Work instructions
Please provide the entries below again, word for word.

+ + + + +

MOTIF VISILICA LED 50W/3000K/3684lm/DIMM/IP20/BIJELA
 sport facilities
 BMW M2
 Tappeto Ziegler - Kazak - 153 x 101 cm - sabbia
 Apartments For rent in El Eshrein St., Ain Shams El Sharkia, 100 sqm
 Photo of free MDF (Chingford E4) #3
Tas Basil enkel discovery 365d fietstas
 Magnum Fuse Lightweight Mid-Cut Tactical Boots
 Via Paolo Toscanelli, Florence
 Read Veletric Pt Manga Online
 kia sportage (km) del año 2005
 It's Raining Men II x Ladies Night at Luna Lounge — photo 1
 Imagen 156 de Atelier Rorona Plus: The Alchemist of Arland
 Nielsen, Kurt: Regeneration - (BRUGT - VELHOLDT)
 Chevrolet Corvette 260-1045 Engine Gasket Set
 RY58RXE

+ + + + +

Written solution
MOTIF VISILICA LED 50W/3000K/3684lm/DIMM/IP20/BIJELA
 sport facilities
 BMW M2
 Tappeto Ziegler - Kazak - 153 x 101 cm - sabbia
 Apartments For rent in El Eshrein St., Ain Shams El Sharkia, 100 sqm
 Photo of free MDF (Chingford E4) #3
Tas Basil enkel discovery 365d fietstas
 Magnum Fuse Lightweight Mid-Cut Tactical Boots
 Via Paolo Toscanelli, Florence
 Read Veletric Pt Manga Online
 kia sportage (km) del año 2005
 It's Raining Men II x Ladies Night at Luna Lounge — photo 1
 Imagen 156 de Atelier Rorona Plus: The Alchemist of Arland
 Nielsen, Kurt: Regeneration - (BRUGT - VELHOLDT)
 Chevrolet Corvette 260-1045 Engine Gasket Set
 RY58RXE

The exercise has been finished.